The “Winner’s Curse” has a nice corresponding idea in warfare: Pyrrhic victory. King Pyrrhus of Epirus won battles against the Romans, but the losses were so great his army was vastly weakened. I imagine the “Winners Curse” being a larger problem for firms with fewer resources; larger firms may be willing to take the losses to drive out the competition via attrition (sort of like the Romans to Pyrrhus or Russians to the Germans). This is sort of like predatory pricing, with the hope being to someday be a monopoly. Also, the stories of promised Pyrrhic victories from page 174, especially Pacific Telephone hiring a prominent auction theorist to give seminars to the competition on the Winner’s Curse, were amusing.
On the subject of reserve prices: I wonder how often the values are set at the wrong levels in government run auctions? I’d have liked to see more information on this, and how good reserve prices are to be chosen. Consulting experts I imagine, and comparing similar auctions (which I’ve been told caused part of the bubble in one speculation market: Comic books). A few less than rational actors bid up a similar item, and then others expect to be able to sell their items for similar amounts.
The Bug Auctions paper’s use of the abbreviation VM for vulnerability market causes a name collision in my head, not sure that is the best term to go with but it works for the paper. Looking over page two of the Bug Auctions paper, there is another contest I can think of that may be interesting to look at, Pwn2Own from tipping point:
In this case it’s not the product vendor directly offering the prize, but a third party security company. In the case of auctions, I wonder how third party security companies would come into the mix; their influence did not seem to be a major expectation of the paper. For example, an IDS company may be interested in paying for exploits so they can write signatures and offer/market better protection to their customers. In some cases the third party security company may have deeper pockets than the original producers (especially with open source software projects). How should rules be set up in regards to the sharing of information goods? Is the third party security company obligated to the pass on the information to the producer if they buy it first? How often is it better for the third party security company to buy the bug for themselves, as oppose to let the producer buy it and then reverse engineer the patch to make a signature or mitigation?
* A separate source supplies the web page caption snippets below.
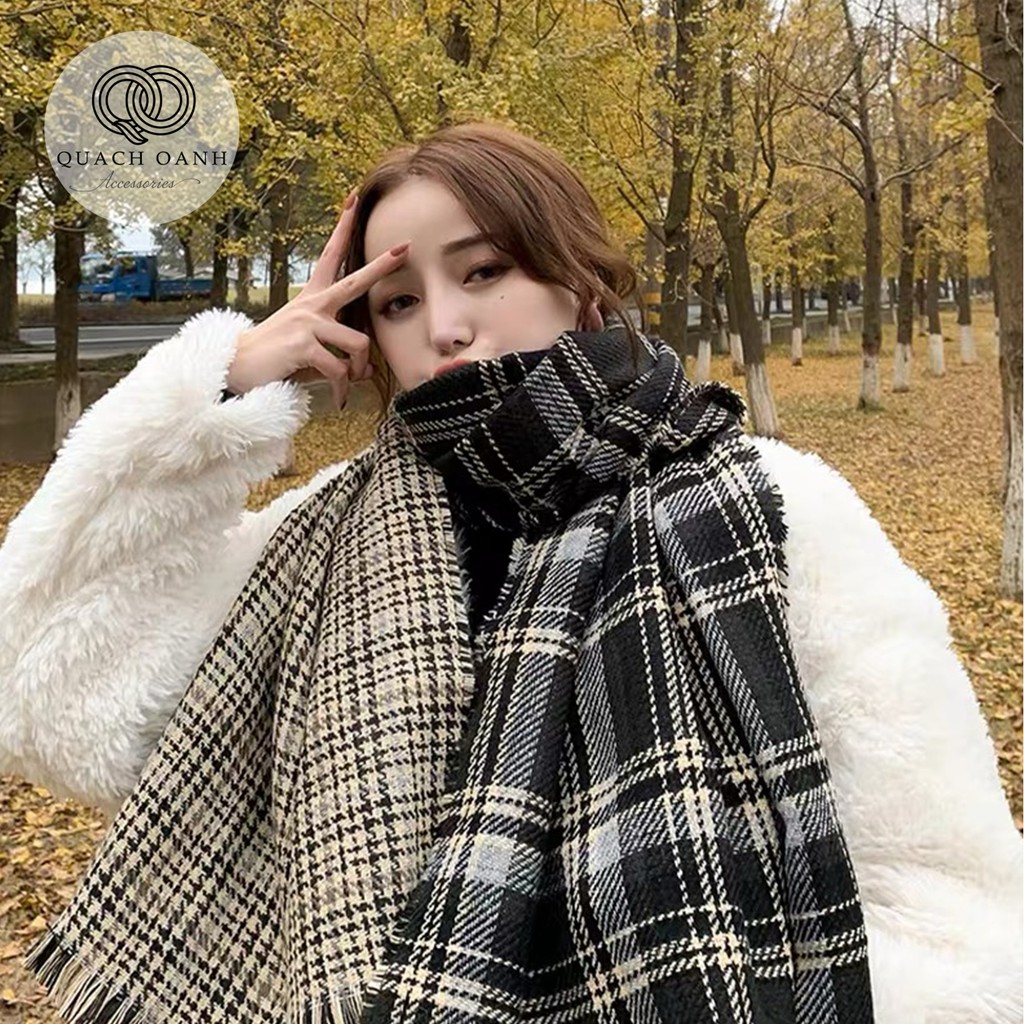 [Mã FAWINTER hoàn 15% xu đơn 99K] Khăn quàng cổ, Khăn dạ phong cách vintage - K01 | BigBuy360 - bigbuy360.vn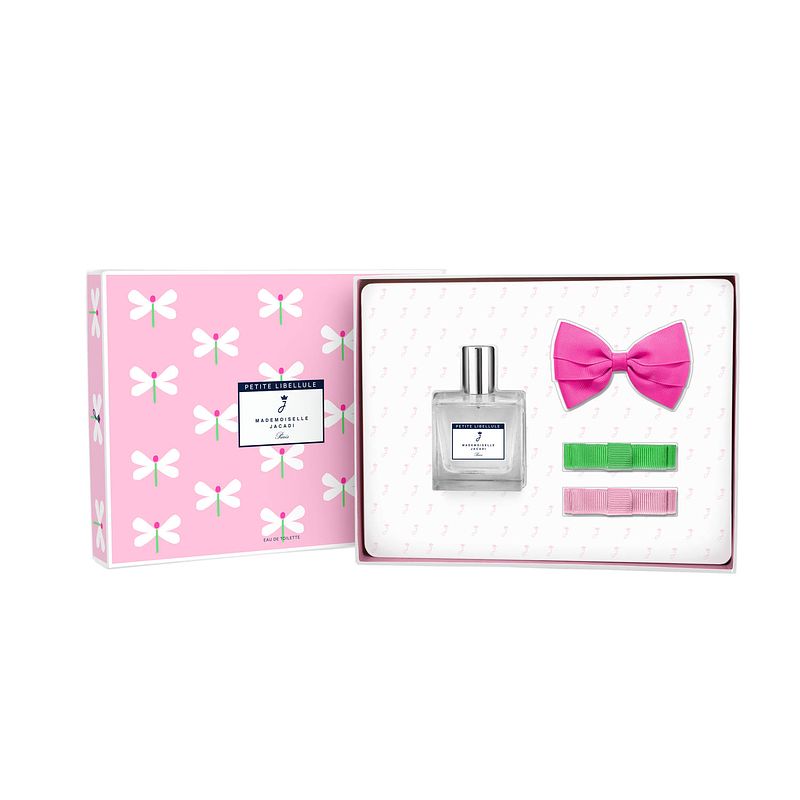 Foto van Jacadi paris mademoiselle petite libellule set - eau de toilette 100 ml & haarspeldjes - kinderparfum voor meisjes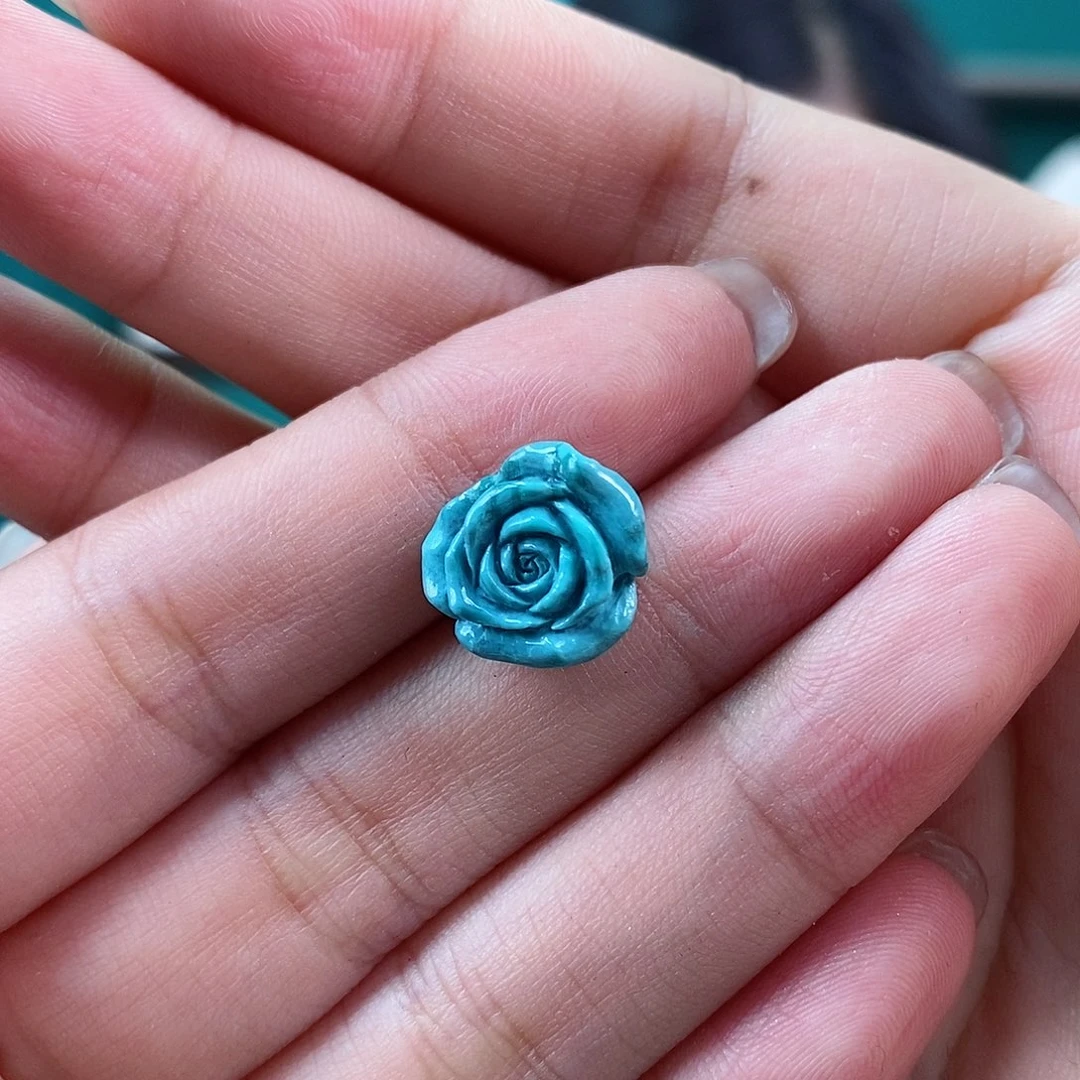 绿松石珠宝奇石未镶嵌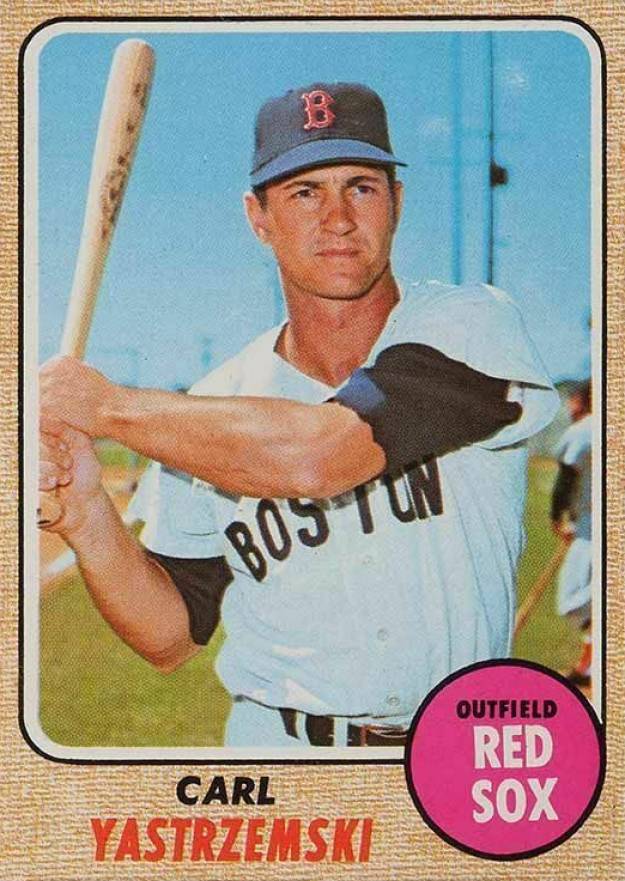 1968 Topps Carl Yastrzemski #250 Baseball Card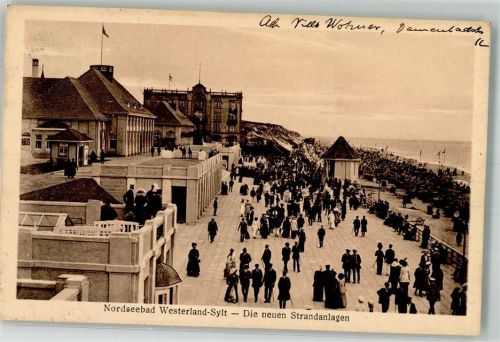 Westerland 1913 Neue Strandpromenade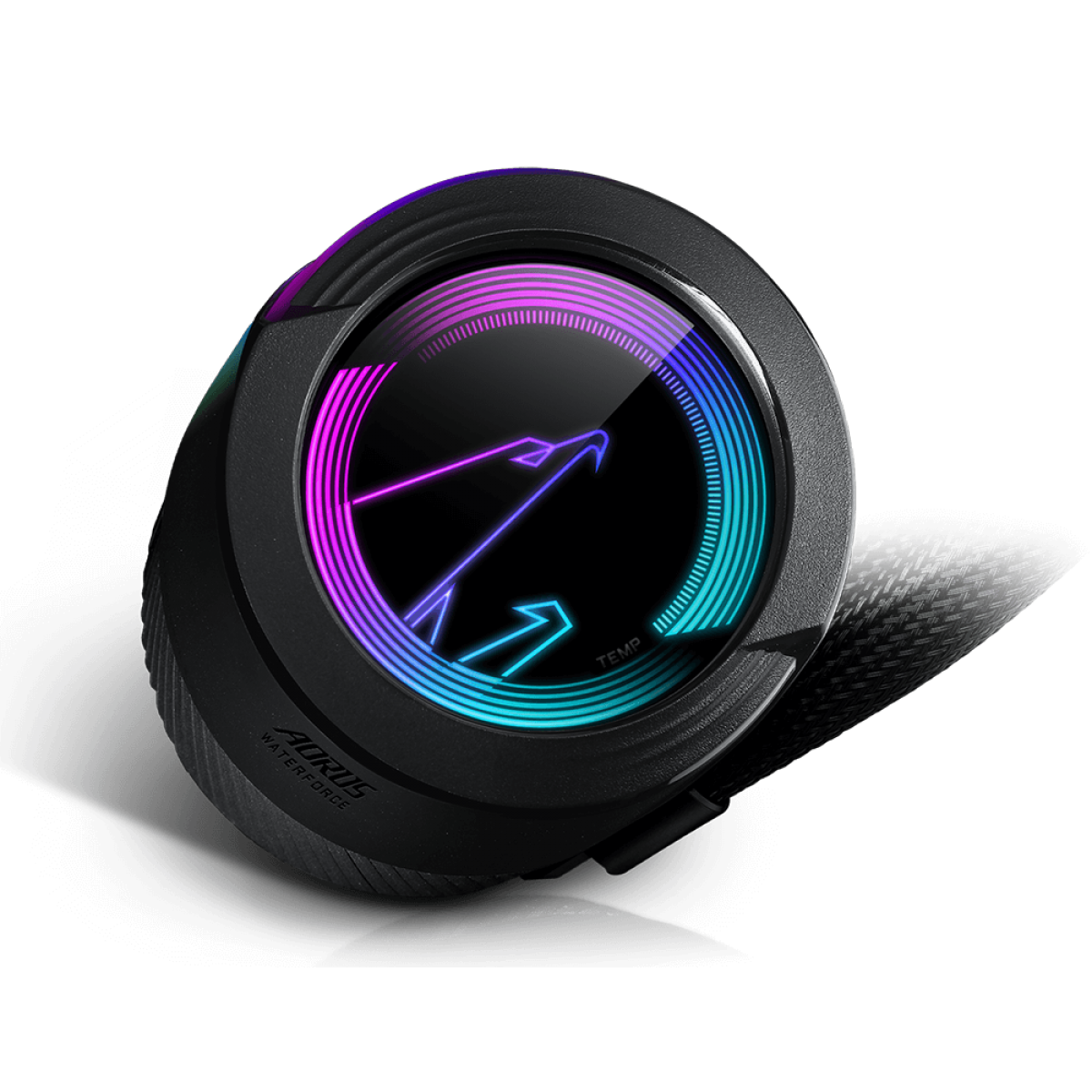 Water Cooler Gigabyte Aorus Waterforce, ARGB, 240mm, Black, Intel-AMD, GP-AORUS WATERFORCE 240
Some of the assumptions about the black market I’m not sure are true. I’m not sure a risk neutral bug finder will generally sell to the producer and not the black market for fear of legal action, that depends on how the bug finder evaluates the effectiveness of the law and the producer’s investigative abilities. Attribution of exploit code can be a tough thing to do. That said, if the bug finder does not already have ties to the black markets I’d imagine he would just sell to the producer since the point of contact would be easier. I’m not sure the “sleeps with the fishes” scenario (page 8) is as likely as the paper’s author; it might make more rational sense to put the vulnerability researcher on retainer than to kill the goose that lays the golden eggs (at least till the vulnerability researcher is found moonlighting for someone else). Also, some of the mitigations put forth in the paper to avoid cheating may make the vulnerability researcher just skip the whole official process if it makes it to laborious to get paid. A bug finder may accept a lesser payout in exchange for a simpler process.
Not really the focus of the paper, but an analysis of entry costs for vulnerability researchers might be interesting. A large Information Technology company will have more resources than some guy living in his mom’s basement eating Cheetos and drinking Code Red, but the basement dweller would have lower opportunity costs. I say that with all love to basement dwellers, I’d be one if I had a basement. The large Information Technology Company may have better opportunities to make money than finding bugs in some other company’s software.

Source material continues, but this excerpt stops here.